Heidi Schellman graduated from South Eugene High School in Eugene, Oregon, in 1975. She earned a B.S. in mathematics in 1977 from Stanford University and an M.S. and Ph.D. in physics by 1984 from the University of California, Berkeley.

Schellman married physicist Stephen A. Wolbers in 1983.

== Career and research ==
Schellman began her career as a programmer at the Stanford Linear Accelerator (SLAC), where she learned "she liked the mixture of theory and practice in experimental physics. She describes her love of physics succinctly: 'Physicists get to build things!' ".

Prior to joining the OSU faculty in 2015, she held postdoctoral fellowships at the University of Chicago and Fermilab, and was on the faculty of Northwestern University, where she was chair of the physics and astronomy programs at the Weinberg College of Arts and Sciences.

In 2015, Schellman was elected vice chair of the Commission on Particles and Fields within the International Union of Pure and Applied Physics.

Schellman's research interests include, "future high-intensity neutrino experiments and the relation between cosmology and high-energy physics". She has collaborated on D-Zero and Tevatron experiments at Fermilab, researching the mass of top quarks and interactions of protons and anti-protons, and has extensively studied quantum chromodynamics perturbation theory.

Schellman works as a developer for the Deep Underground Neutrino Experiment (DUNE).

Schellman also teaches physics at the university of Oregon.

== Honors ==
Schellman was an A.P. Sloan Research Fellow and a Department of Energy Outstanding Junior Investigator.

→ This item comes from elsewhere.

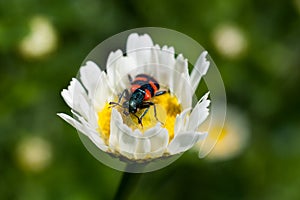 A small bug with red and black stripes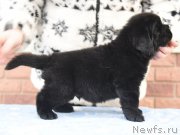 Превью фото № 198049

She was elected a Fellow of the American Physical Society in 1999, cited for "her leadership in QCD physics and as spokesperson of E-665, the Tevatron muon scattering experiment". She was awarded the 2015 Mentoring Award by the American Physical Society’s Division of Particles and Fields. She was elected a member of the United States National Academy of Sciences in 2025.

== Athletic Accomplishments ==
Schellman won the Bay-to-Breakers 10K in 1983 in the Centipede Category as part of the Accelepede. She won the 1976 team Stanford Intramurals for the champion Junipero Ringers Association.